[eigen] Status of my Eigen work |
[ Thread Index |
Date Index
| More lists.tuxfamily.org/eigen Archives
]
Hi Folks,
I just wanted to give you a bit of info about the status of my work on
Eigen to improve support for ARM NEON.
As I mentioned previously, I am implementing a computer vision algorithm
using a Array-of-Structs-of-Arrays design where the inner Arrays are
designed to map to SIMD packets.
In order to do this, I have spent the last few weeks adding features to
Eigen:
1. Fixed GCC warnings when building tests (merged)
2. Fixes to IO printing of char and unsigned char Arrays (merged).
3. Improvements to GeneralBlockPanelKernel to support packets that have
more than 4 lanes (MR !25)
4. Various tidy-ups and improvements to existing NEON packetmath. (MR !4)
5. Add support for int8_t, uint8_t, int16_t, uint16_t, and uint32_t,
packetmath for NEON.
6. Added support for pnot, pselect, pinsertfirst, and pinsertlast to
NEON packetmath, as well as pcast and preinterpret for all combinations
of packets.
7. Added a new coeff-wise binary function: array_difference, and
implemented support for ARM neon with new pabsdiff packetmath function.

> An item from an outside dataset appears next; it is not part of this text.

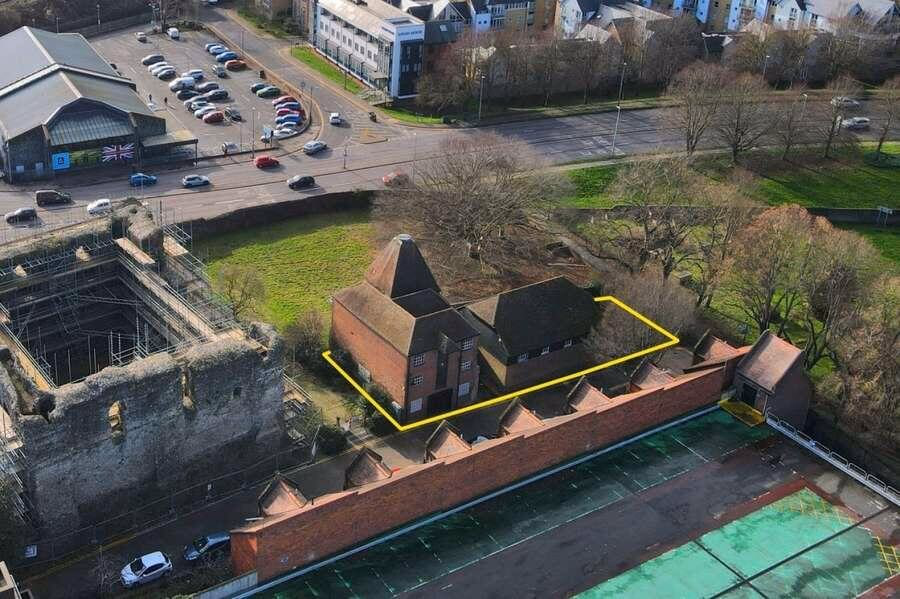 Land for sale - Image 1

8. Added a new pcombine packetmath function which can join an array of
half/quarter packets into a single packet.
9. Added support in CoreEvaluators for packet-math when type conversion
is required e.g. cast. Previously a single packet-type was used from the
asignment evaluator through to the call to ploadt.
10. Added a new pmask_cast packetmath function which is used to cast
mask-packets to different types.
11. Added support for packet math in the evaluation of Select, making
use of pcast_mask where necessary to implicitly cast the condition mask
packet type to match the value types.
12. Added support for packet access in scalar_boolean_and_op and
scalar_boolean_or_op with new packet math functions: plogical_and,
plogical_or
13. (Nearly complete) Added support for bool packetmath to NEON
The complete branch is available to view here:
https://gitlab.com/jhol/eigen/commits/neon-work/
In addition to these patches I have a hacky patch for force certain
functions inline. Hopefully I can find a way to make gcc do this
automatically soon.
There is also the GCC bug I discussed previously with the compiler
failing to eliminate NEON loads/stores to the stack:
https://gcc.gnu.org/bugzilla/show_bug.cgi?id=93005
However, setting these issues aside, with these patches, the generated
machine code is now looking reasonably credible.

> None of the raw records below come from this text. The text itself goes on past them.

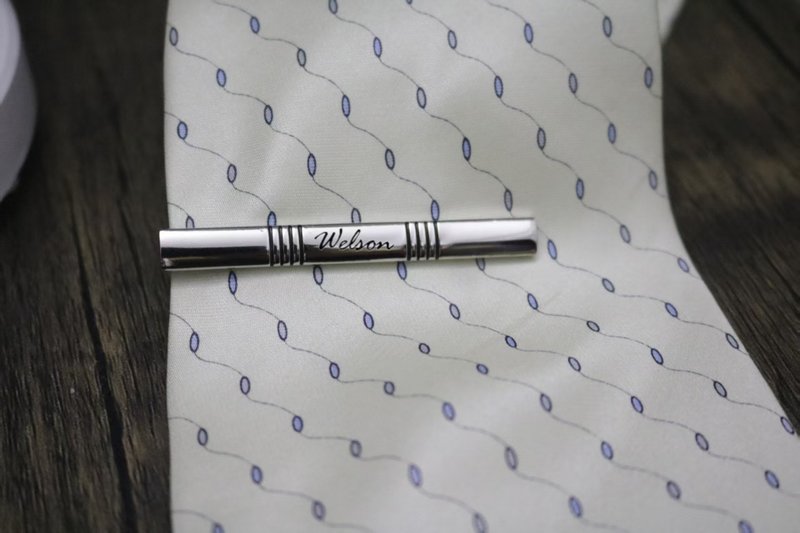 专属印记彰显不凡刻字领带夹打造你的独特标识 - 领带/领带夹 - 铜/黄铜 银色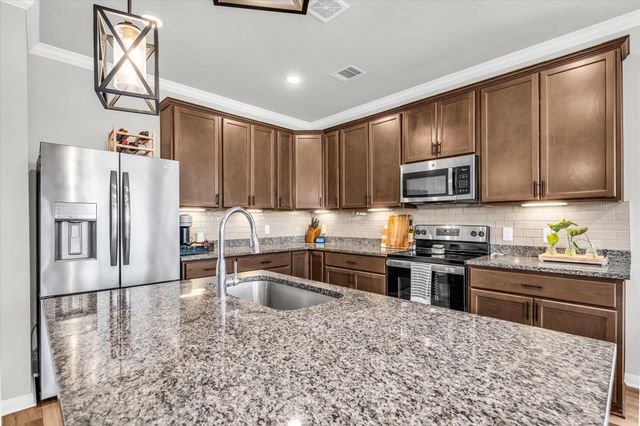 7008 Llano Drive, China Spring, TX 76633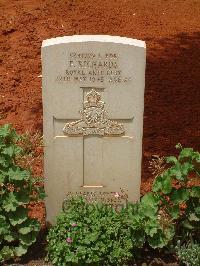 Medjez-El-Bab War Cemetery - Richards, Frederick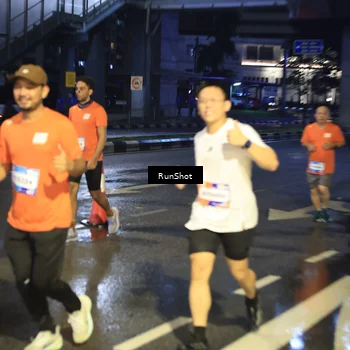 Runner Photo 7885137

So I wanted to talk about a path forward to getting all these things
reviewed and merged upstream. I didn't want to dump this branch in a
single merge request - I think it would become a bit unmanageable, so I
think it would be better to break it up into a series of merge requests.
However, there is an issue here with the merge requests getting
backlogged. It seems like it will take a very long time to get the 2+9
outstanding merge requests merged unless there is a concerted effort to
get them through the review process.
Items 6-13 can mostly be submitted as parallel merge requests, but items
1-5 must be merged first. At the moment the two existing MRs seem to be
stalled.
I understand that it's a lot of work to review all this, and maintainers
of this project probably have other things to work on - so if there's
anything I can do to make it easier to get this stuff reviewed, please
let me know.
Best Regards
Joel Holdsworth